That work is done. Rolling the threshold back down would require another legislative amendment, another round of system changes, and a public explanation for why the government reversed a consumer-friendly policy one year after implementation. There is no visible political or fiscal pressure to do that. Federal import duty revenue sits around CAD $6 billion annually per Statistics Canada trade data, and the CAD $150 threshold affects a small share of that total because commercial imports and high-duty categories like apparel, tobacco, and alcohol remain fully taxable.

If you clear courier shipments under LVS today, the current rules are stable. Plan your costing, origin strategy, and HS compliance around the CAD $150 casual threshold and the CAD $2,500 LVS ceiling, and build a standing RPP bond if your monthly volume makes courier credit terms unworkable.

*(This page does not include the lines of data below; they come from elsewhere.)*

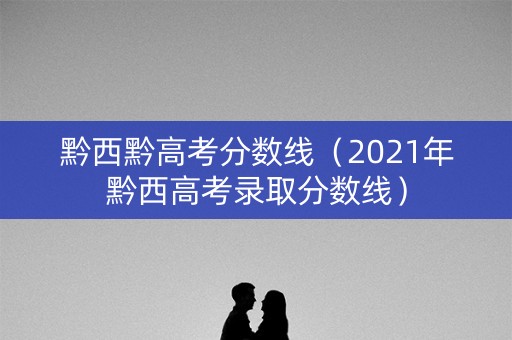 黔西黔高考分数线（2021年黔西高考录取分数线）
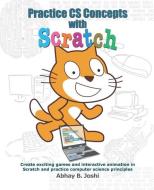Practice CS Concepts with Scratch: Create exciting games and animation in Scratch and practice Computer Science principl di Abhay B. Joshi edito da INDEPENDENTLY PUBLISHED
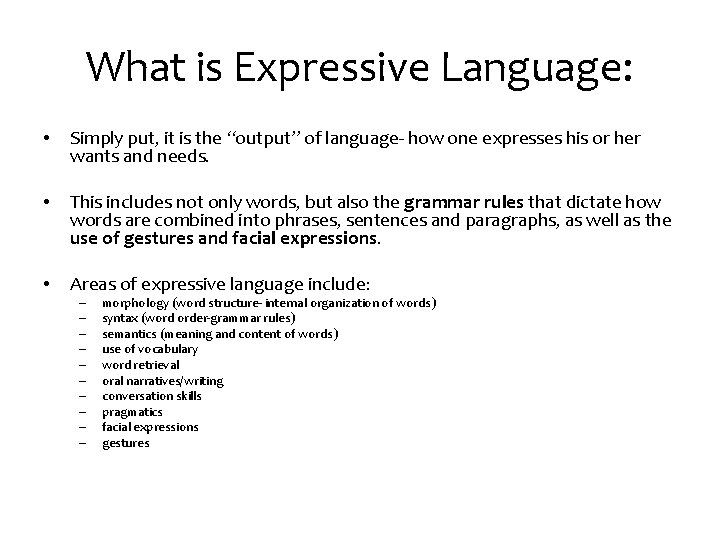 What is Expressive Language: • Simply put, it is the “output” of language- how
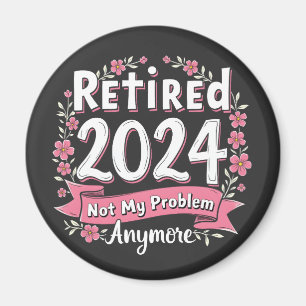Retired 2024 Not my Problem Anymore Retirement Magnet
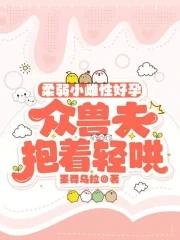 众兽夫抱着轻哄免费阅读 众兽夫抱着轻哄免费阅读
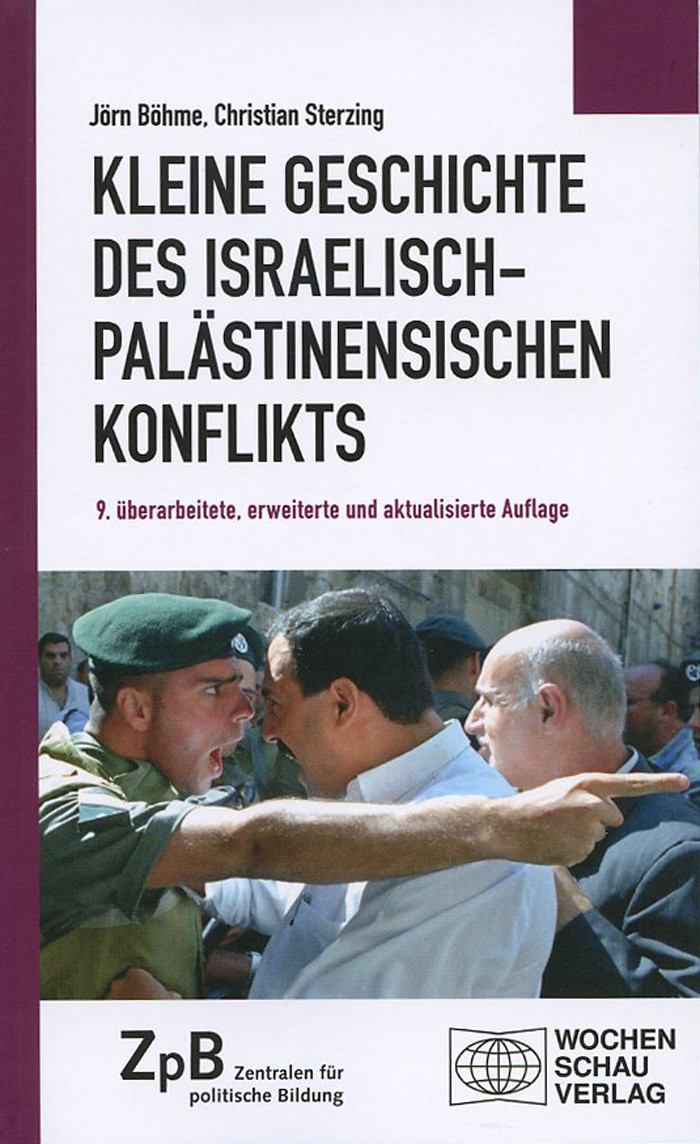 Titelseite 958* Kleine Geschichte des israelisch-palästinensischen Konflikts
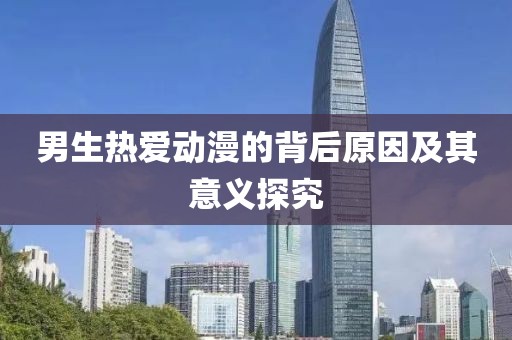 男生热爱动漫的背后原因及其意义探究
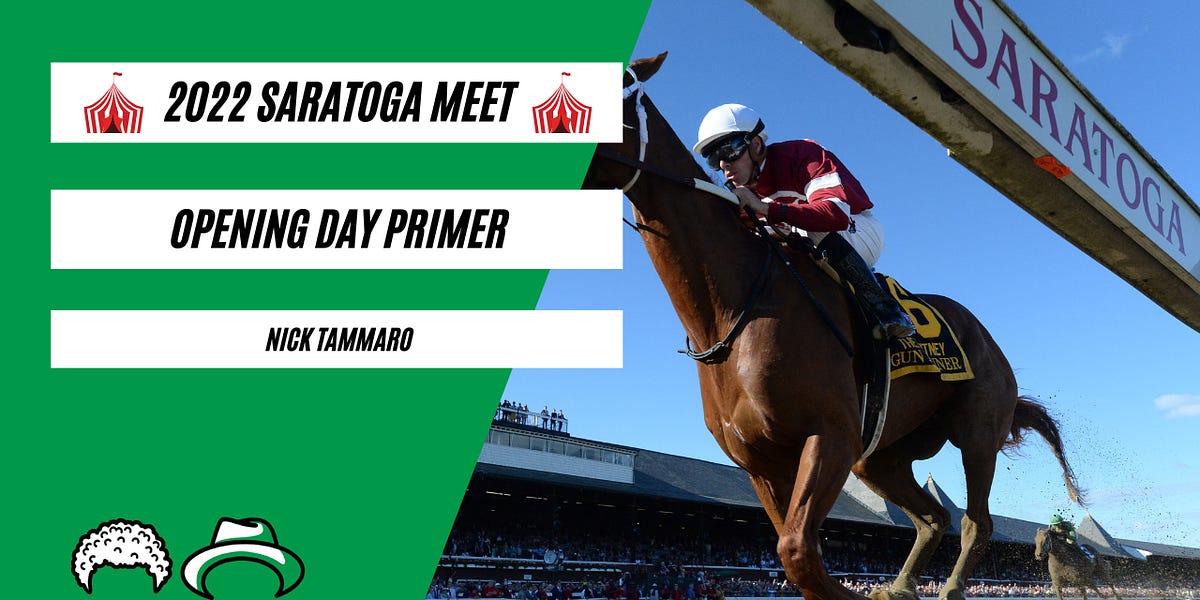 Saratoga Opening Day Primer! by Tyler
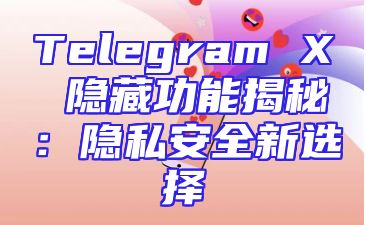 Telegram X 隐藏功能揭秘：隐私安全新选择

Where warehouse operators see the parcel-clearance friction

Courier hubs handle LVS clearances in minutes when the data is clean and the HS code matches CBSA’s tariff expectation. When a parcel flags for exam or valuation review, it moves to a sufferance warehouse pending release, and dwell time jumps to 48 to 72 hours. If you run an ecommerce fulfillment operation and promise two-day delivery from order to doorstep, a single CBSA hold breaks that promise.

FENGYE Logistics operates bonded and sufferance space at the Montreal and Toronto courier hubs and sees this pattern weekly. High-volume shippers with clean HS profiles and valid CUSMA or CETA origin documentation clear in one pass. Shippers who rely on supplier-provided commercial invoices with vague product descriptions or missing country-of-origin markings get flagged, and the parcel sits until the importer provides a corrected declaration or pays the re-assessed duty.

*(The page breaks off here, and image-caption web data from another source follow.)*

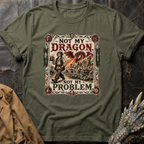 Not My Problem | T-Shirt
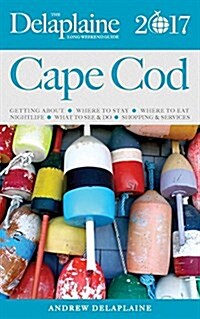 Cape Cod - The Delaplaine 2017 Long Weekend Guide (Paperback)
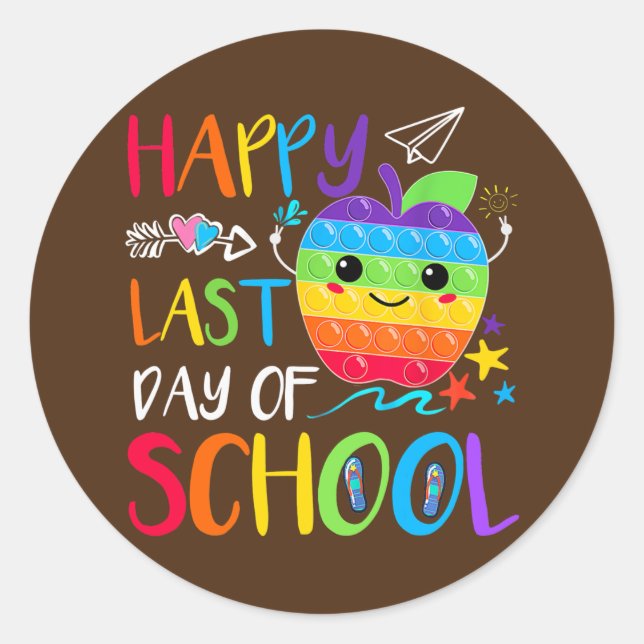 Happy Last Day of School Teacher Student Classic Round Sticker (Front)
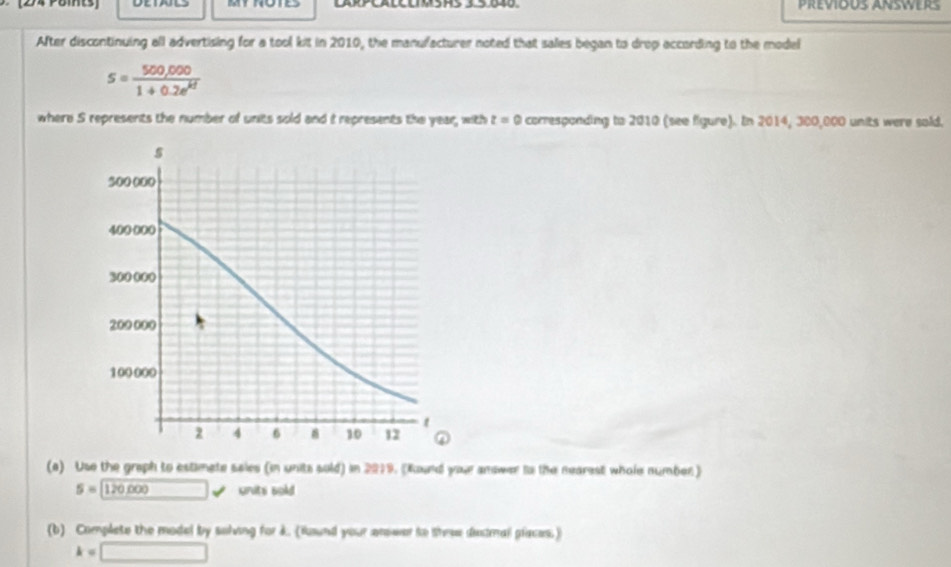 After discontinuing all advertising for a tool kit in 2010, the manufacturer noted that sales began to drop according to the model
s= (500,000)/1+0.2e^(kt) 
where S represents the number of units sold and it represents the year, with z=0 corresponding to 2010 (see figure). In 2014, 300,000 units were sold. 
(a) Use the graph to estimete sales (in units sold) in 2019. (Round your anower to the nearest whole number)
5=□ 120,000 units sold 
(b) Complete the model by solving for k. (ind your anower to theee distmall places.)
k=□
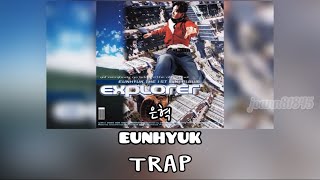 ιθ΅« EUNHYUK (μν) - TRAP -ιηΉδΈεγηΎ
馬ζΌι³ζθ©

The dwell-time penalty is worse during Q4 peak season, when courier warehouse capacity runs tight and exam queues stretch past 96 hours. If your ecommerce margin depends on fast cross-border transit, you need a broker who validates HS codes and origin before the parcel enters Canada, not after CBSA pulls it for secondary review.

Closing

The EU is adding friction; Canada removed some. The CAD $150 threshold isn’t moving back down, and LVS processing works when your origin documentation and HS classification are defensible. Most compliance trouble we see comes from importers who treat courier clearance as automatic and discover the penalty only when CBSA sends an AMPS notice for a pattern of undervalued or misclassified entries. If you clear more than 50 parcels a month and you haven’t reviewed your brokerage process since CARM went live, get in touch.

Frequently Asked Questions

What is Canada’s current de minimis threshold for duty-free imports?

Since June 13, 2024, CBSA exempts goods valued up to CAD $150 from duty and GST when imported by individuals via courier or mail, as announced in Budget 2024. Commercial shipments follow different rules.

Does the CAD $150 threshold apply to business imports cleared by a customs broker?

No. The CAD $150 exemption is for casual goods imported by individuals. Business imports under $2,500 can use the Low Value Shipment (LVS) process, which simplifies documentation but still collects GST and any applicable duty.

Will Canada follow the EU and introduce a flat-rate parcel tax to replace the exemption?

Nothing signals that. CBSA increased the threshold in 2024, moving in the opposite direction. Any policy reversal would require legislative change through the Canada Border Services Agency Act and advance notice.

What is the Low Value Shipment LVS process and when does it apply?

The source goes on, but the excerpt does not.